After locating the line with "jade olieberg feet 5" in the entries below, set down exactly that line and each one after it to the end, skipping pictures.

==== Records supplied ====

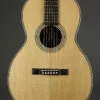 Martin 0012-28 Modern Deluxe Steel String Acoustic Guitar – New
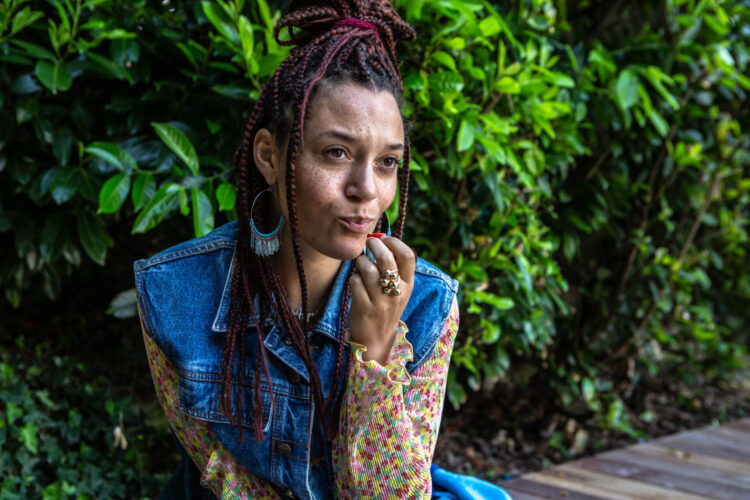 jade olieberg feet 5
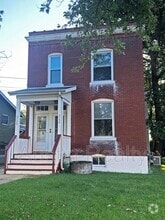 Building Photo - 3138 Sutton Blvd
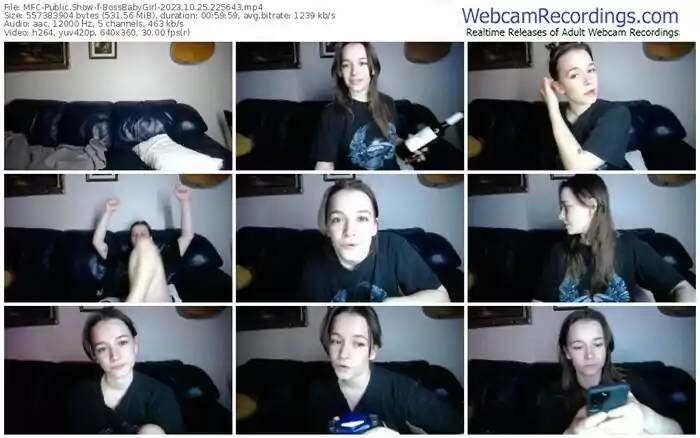 myfreecams-bossbabygirl-10-25-2023-22-56-43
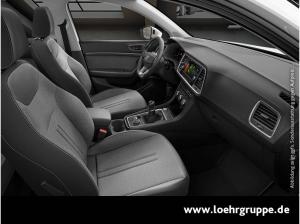 Seat Ateca Style 1.5 TSI 110 kW (150 PS)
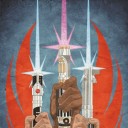 สมาชิกหมายเลข 1226303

====

▶ **Solution to the problem**:
 jade olieberg feet 5
 Building Photo - 3138 Sutton Blvd
 myfreecams-bossbabygirl-10-25-2023-22-56-43
 Seat Ateca Style 1.5 TSI 110 kW (150 PS)
 สมาชิกหมายเลข 1226303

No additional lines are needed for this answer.